This Tuesday, we kick off Triangle wide efforts to fight hunger with the annual Farmer Foodshare Challenge. The Challenge is an effort to bring extra attention and funds to fighting hunger in our community using Famers Market based Donation Stations. The Challenge will operate at 17 different markets, and each market has an individual goal to raise funds for their partner hunger relief agency. All together, the goal is to raise $5,000, 100% of which will be used to buy food for recipient agencies throughout the year.
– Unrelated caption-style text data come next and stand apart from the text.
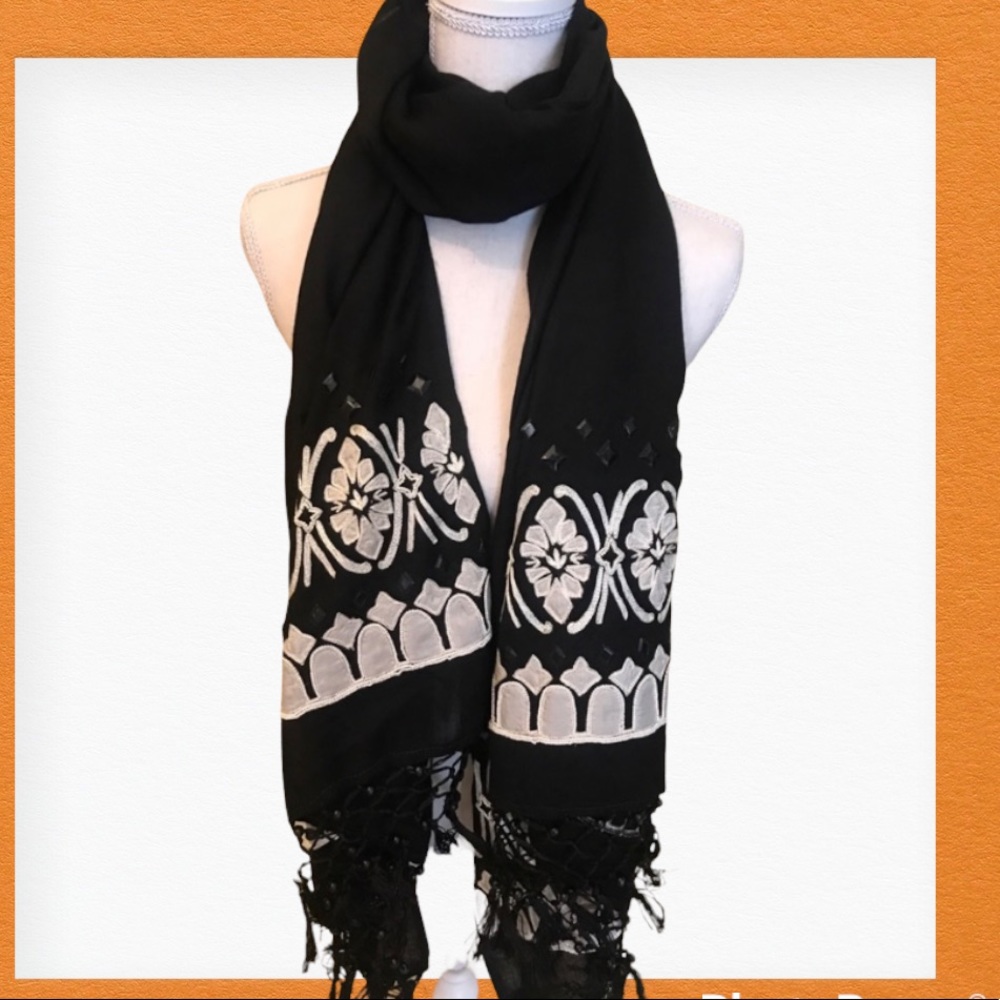 Tory Burch black/ivory scarf
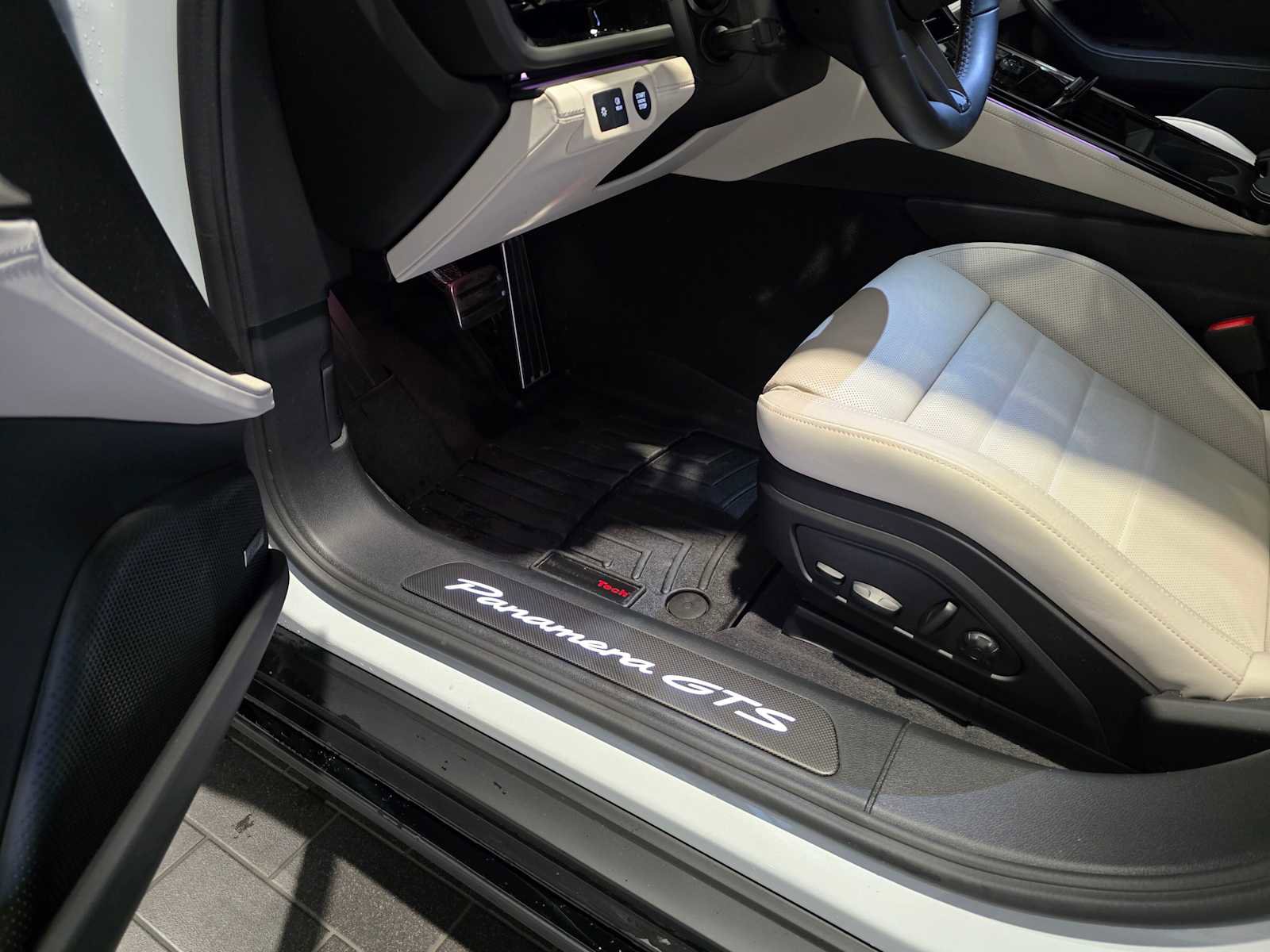 Used 2025 Porsche Panamera GTS image 30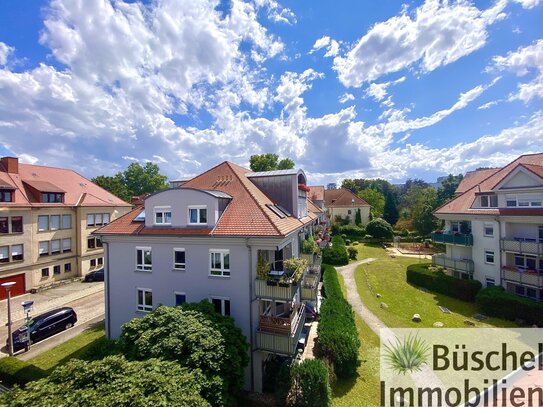 Dachgeschosswohnung mit zwei Zimmern und wunderschönem Ausblick!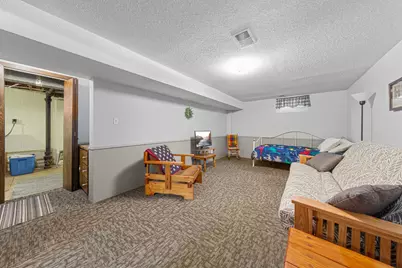 142 22nd Avenue SW, Faribault, MN 55021 - Photo 17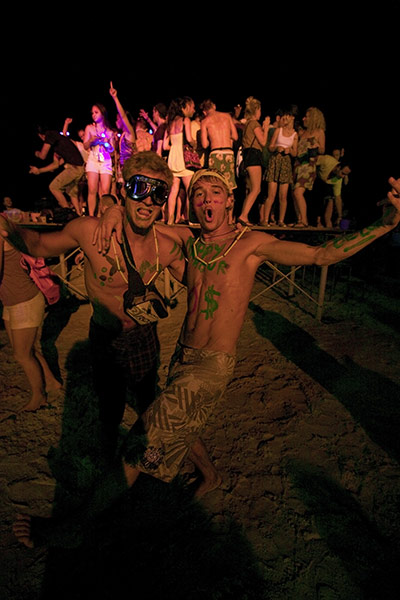 Gap Year: The Full Moon party in Koh Phangan, Thailand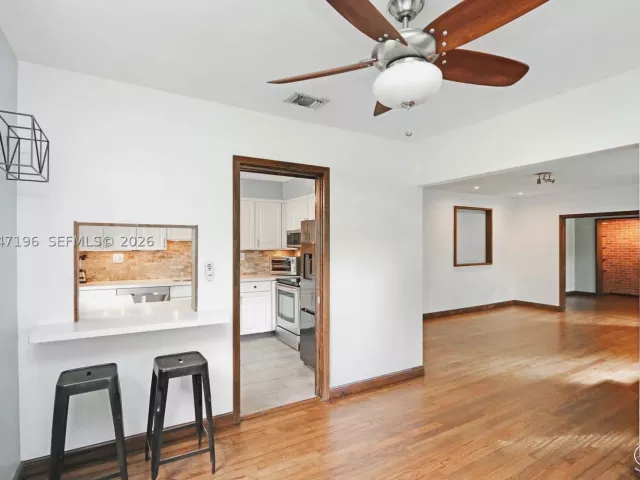 3-bedroom home for rent in Coral Gables - 221 Camilo Ave - MondialRealty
The theme for this year’s Farmer Foodshare Challenge is “Preserving the Season.” During June, farmers will have an abundance of food and thousands of shoppers at markets across the state will make generous donations to Donation Stations. However, in the fall and winter, markets become less populated, and there are less food donations to go around. We are asking for your help to build up a buying reserve to make produce purchases year round for each market. The money collected this June for the Farmer Foodshare Challenge will be used to purchase food from farmers in the fall and winter when donations are scarce.
In addition to preserving the season with a buying reserve, we will be sharing food-preserving techniques at Market and with our recipient agencies. Bryan Meade of Club Nova remarked on summer preserving, saying that, “We preserve the bounty of summer in cold hibernation to awaken in the fall. Our Thanksgiving kitchen palette is aglow with warm summer tones in the cool autumn.” We’ve also started a series of preserving classes with April McGregor of Farmers Daughter. She is teaching community members how to preserve food at TABLE, Club Nova, and Iglesia Emanuel.
In addition to supporting farmers and increasing food access in our community, the Farmer Foodshare Challenge is also a meaningful experience for volunteers. Julia volunteered last year at the Challenge and found it to be a rewarding experience. “It surprised me how excited the kids were about the stickers of different fruits and learning about the different vegetables through our paper scavenger hunt…Being able to reach a larger audience, that of the youngest generation with the most potential to future impact our world, was energizing. I never had a farmers market to go to growing up, so I was thrilled to see the progress of our society as more markets are becoming accessible and available to the youngest members of our society."
We hope to see you at Market this week. Please consider making a donation of food or cash, any amount helps!